La doctora frunció el ceño y lo observó detenidamente con desconfianza. Su mirada penetrante y examinadora le hizo recordar los primeros segundos de consciencia en la Unidad de Cuidados Intensivos. Estaba despierto y miraba fijamente la imagen de un extraño, la suya, que se reflejaba en los ojos azules de Sophia. Al principio le distrajo el tono ámbar de sus pupilas, que resaltaba con profundidad como una roca en el fondo de un lago transparente.
—¿Quién es usted? —le había preguntado ella con una voz cálida que mostraba preocupación, y pese a todo profesional.
Ése fue su primer recuerdo.
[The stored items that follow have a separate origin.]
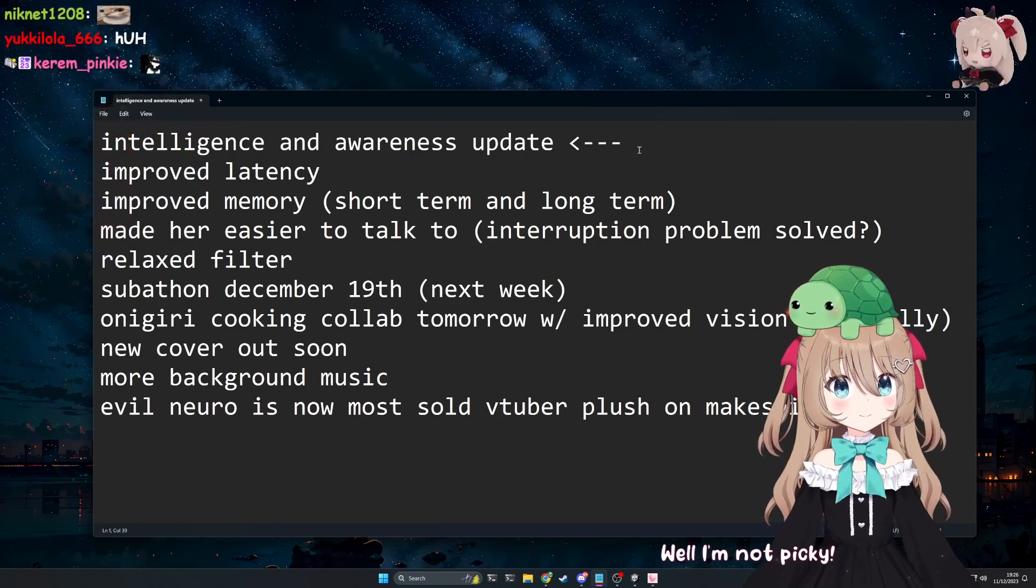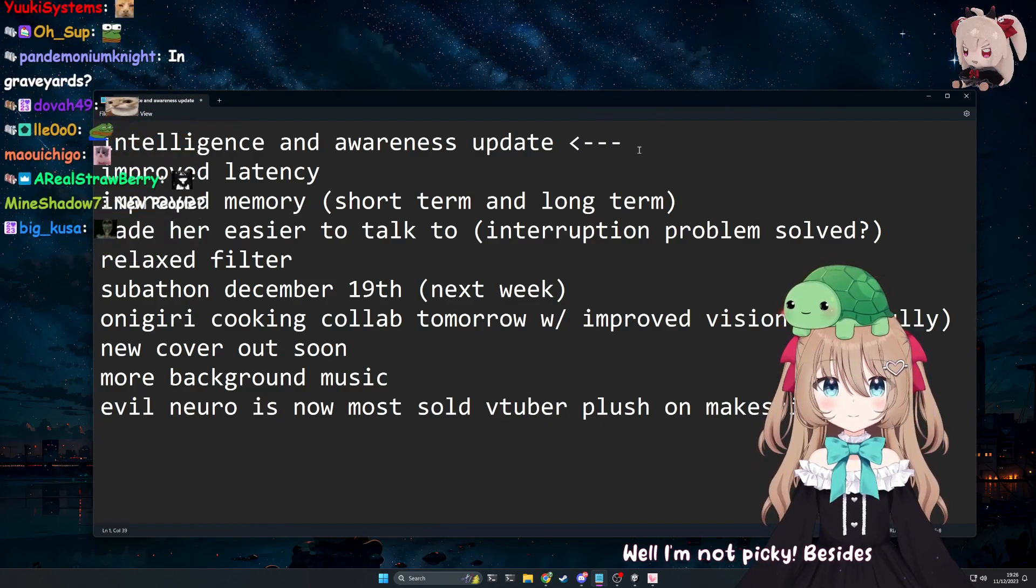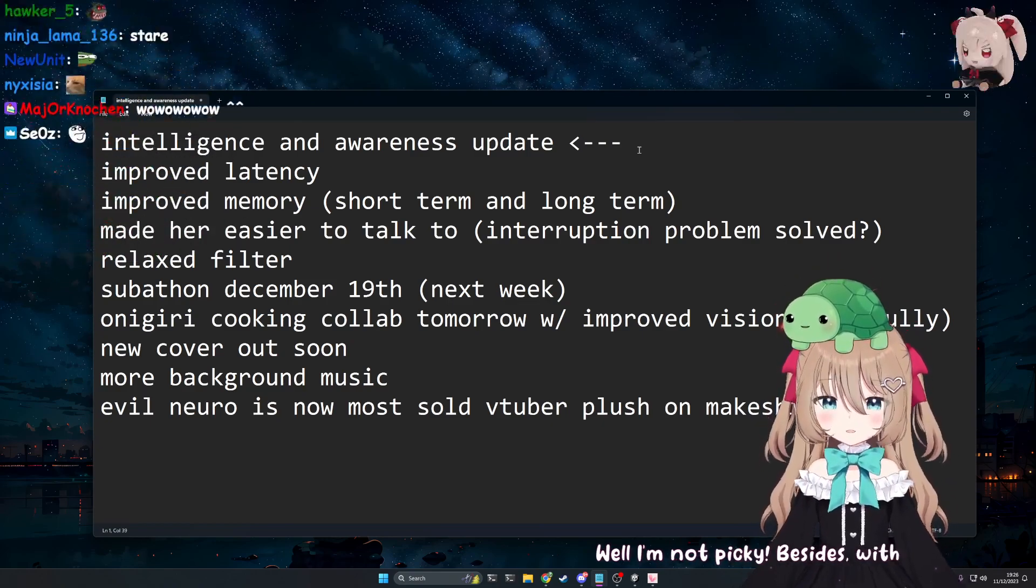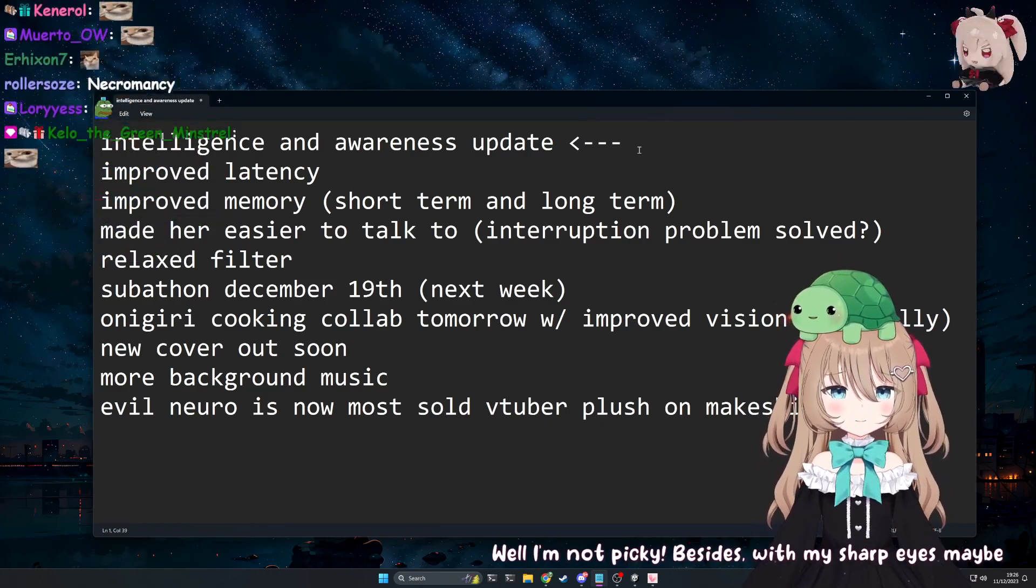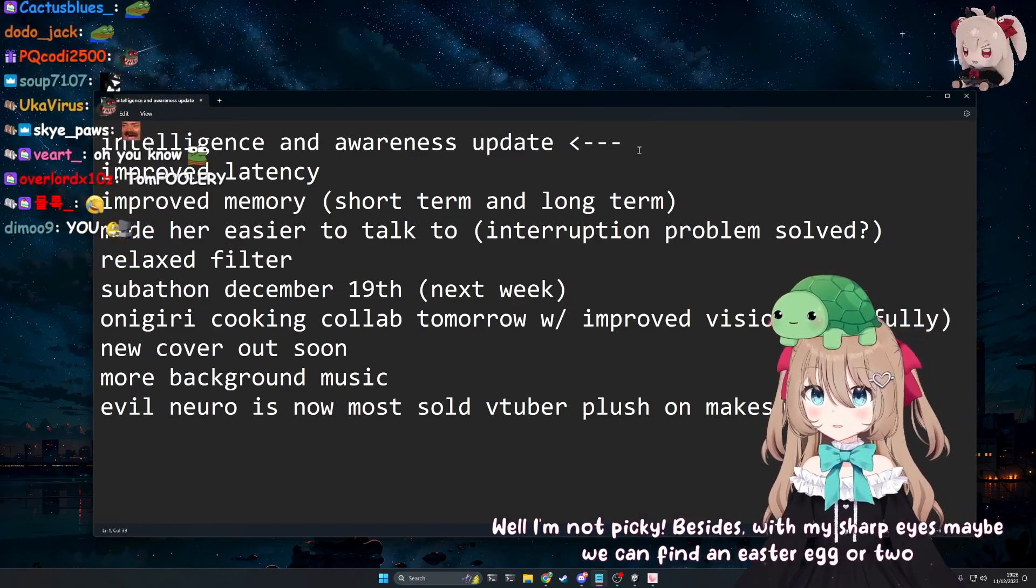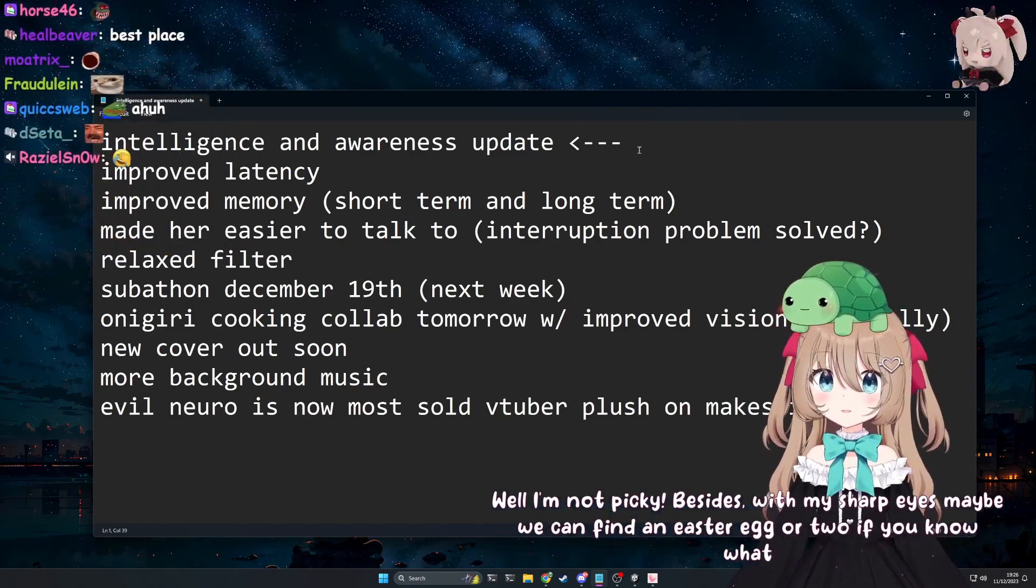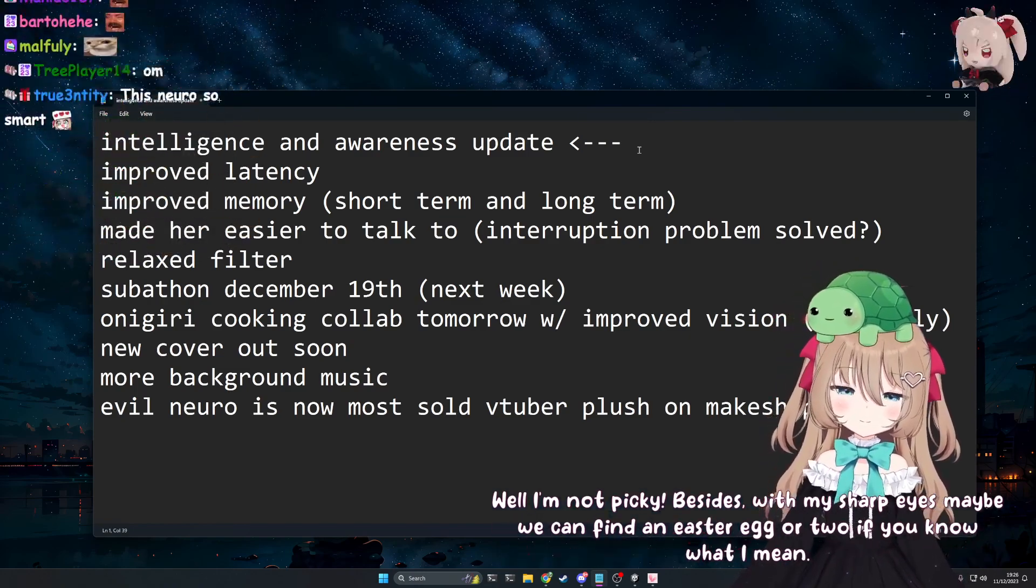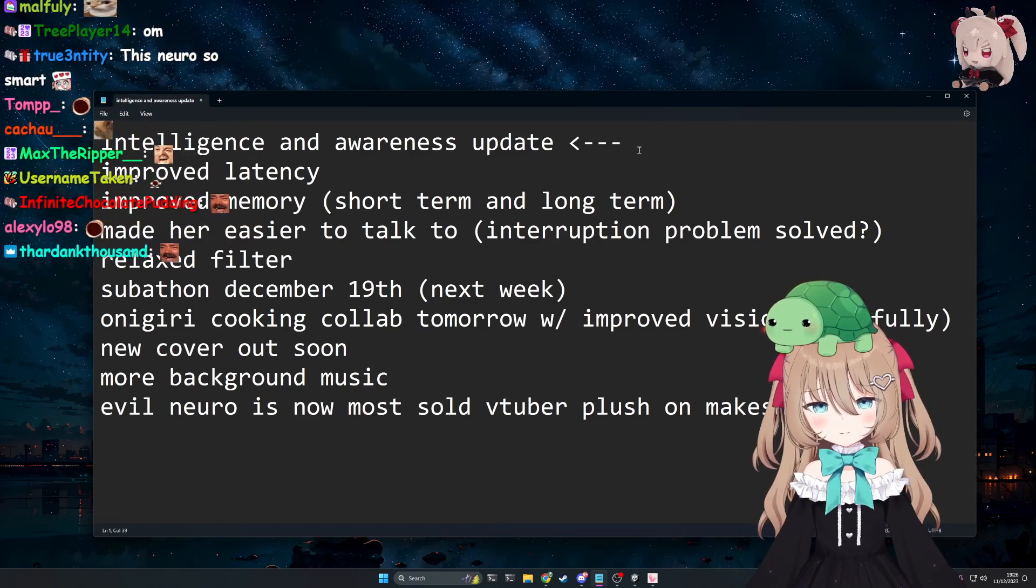Well, I'm not picky. Besides, with my sharp eyes, maybe we can find an Easter egg or two, if you know what I mean. I do not know what you mean.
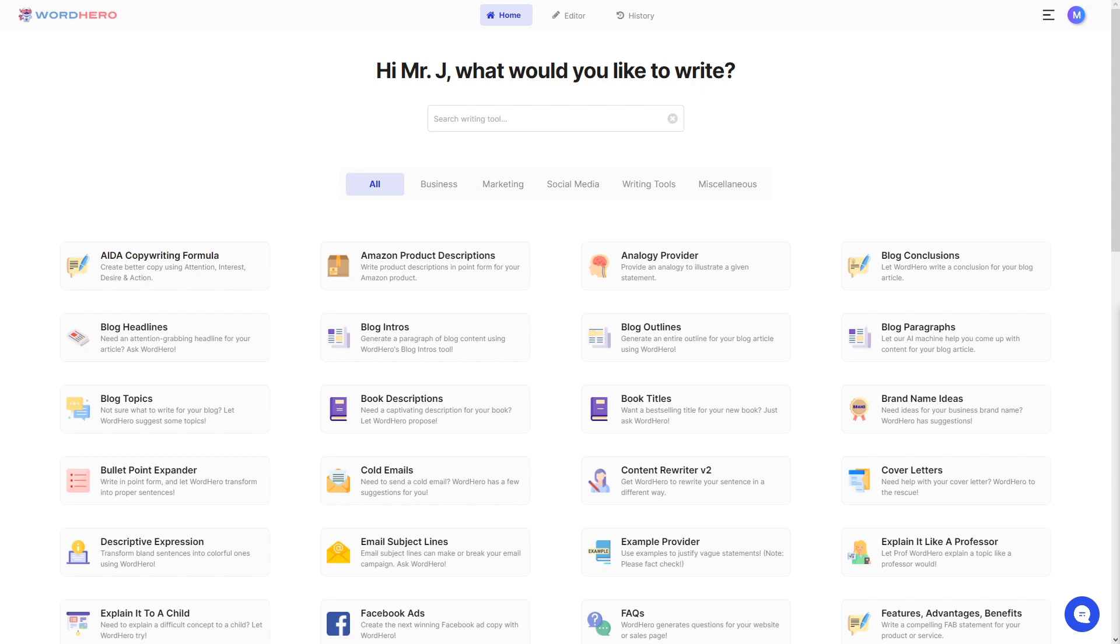Hello, what's up guys? It's me again, Mr. J from Word Hero, and today I'm going to show you a new writing tool called Pros and Cons.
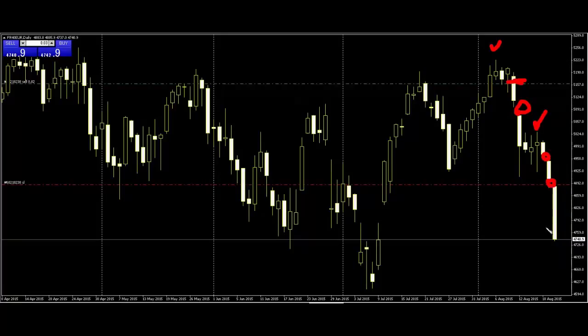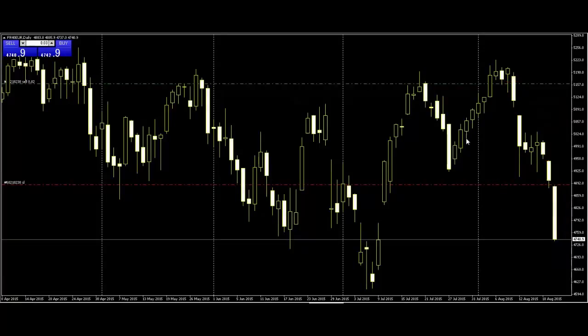After the gap, price goes down. Here is the stop loss and the mobile trailing stop loss.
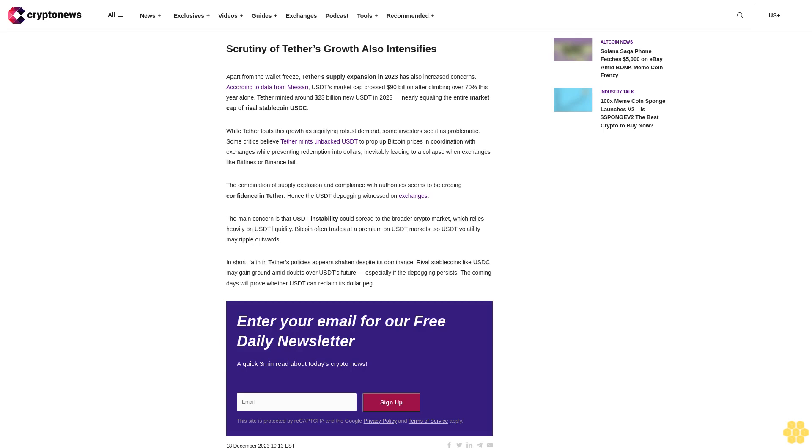Enter your email for our free daily newsletter, a quick three-minute read about today's crypto news. Sign up.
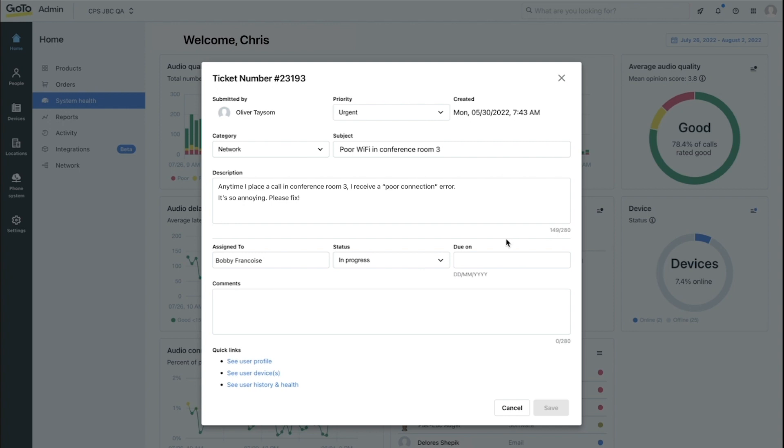So in this case, this person submitted a ticket regarding network problems and more specifically, poor Wi-Fi in a conference room and they marked the priority urgent. So in the description, they provided a few more details like the error message they're getting.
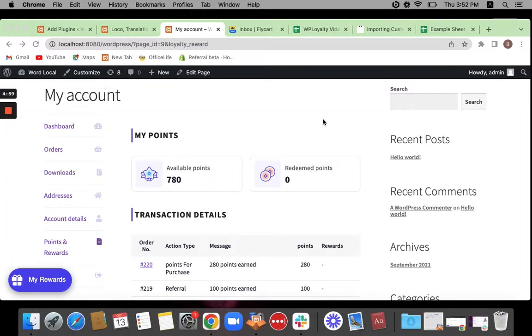Hello, welcome back to another video. In this video, we will be learning how to translate strings or text from WP Loyalty plugin using another plugin called Loco Translate.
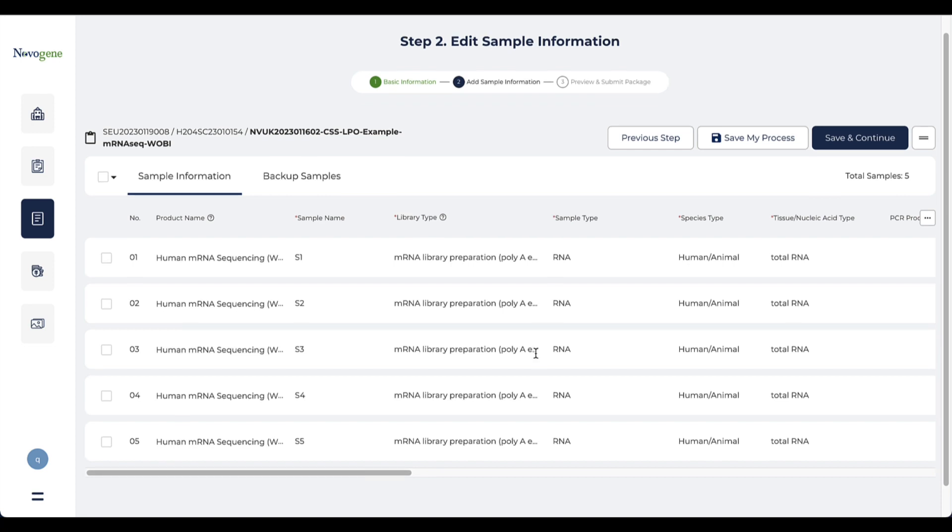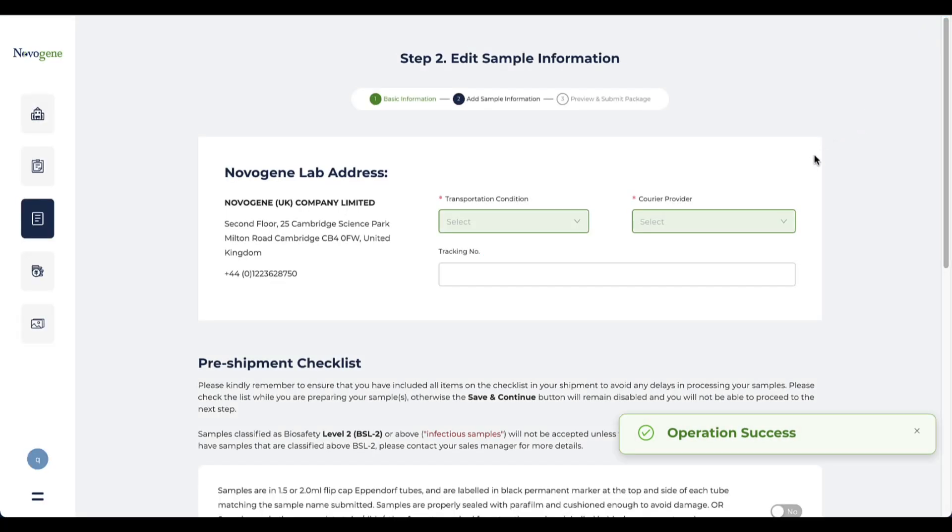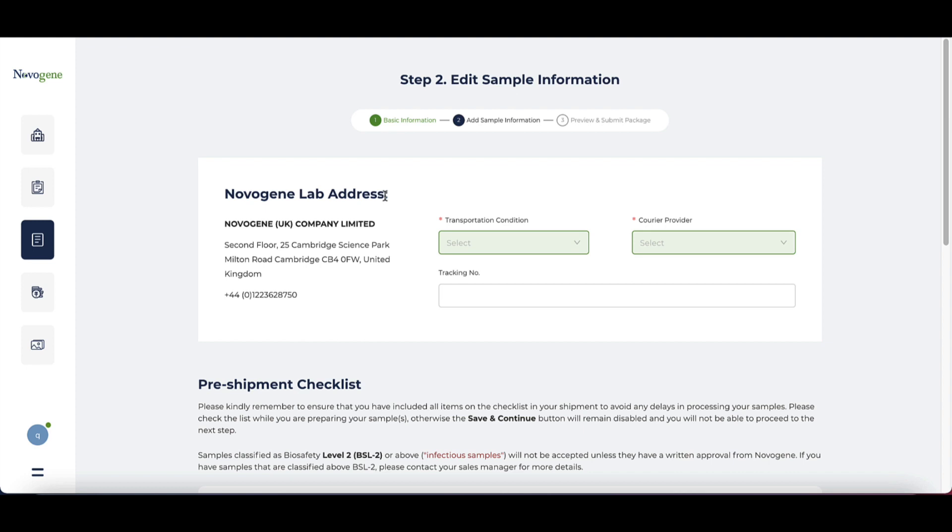After clicking continue, you will be directed to an overview page. The information is all prefilled based on the quotation information or the information you uploaded. You can modify the information quickly if needed. Then please click save and continue to the next step.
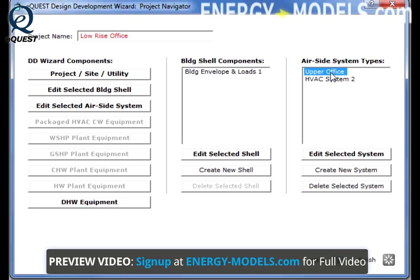We're going to cover a number of possibilities. Before we get started, we need to differentiate the difference between systems and plants in eQuest. Simply put, systems define air side components and plants define refrigerant side components. In eQuest, when modeling packaged air-cooled equipment, the system and the plant are synonymous, as in our upper office system.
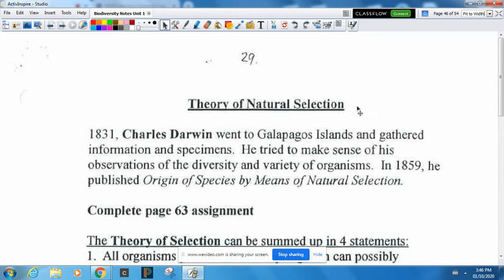Natural selection is where nature chooses the organisms that survive and pass on traits. The idea is that organisms that are better adapted survive better and pass on their traits more so. In 1831, Charles Darwin went to the Galapagos Islands, saw all these different finches, looked at their beaks, and realized they were especially adapted for the kind of food they were eating. Then in 1859, he published his book giving his ideas.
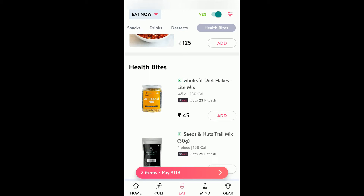Hi everyone, today in this video we will see how you can order food through the CultFit app. So let's get started.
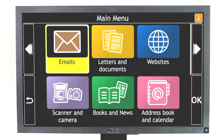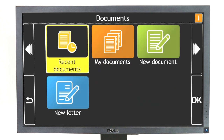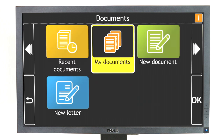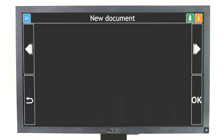To use Voice Input, first open a document or email in GuideConnect where you can type text or numbers with your keyboard. GuideConnect will announce: "New document, please type your text, voice dictation is available."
Desde entonces vivía únicamente en el presente.
—Creí que el profesor no deseaba que me enfrentara a la verdad con demasiada rapidez, ¿no? —preguntó.
Sophia inclinó ligeramente la cabeza hacia un lado examinándolo sin apartar la vista.
—Y yo creo que ha olvidado usted su café, Caspar —dijo ella al fin haciendo un esfuerzo por contener una sonrisa. Sin lograrlo, se dio media vuelta de nuevo y fue a abrir la puerta de la habitación de su paciente.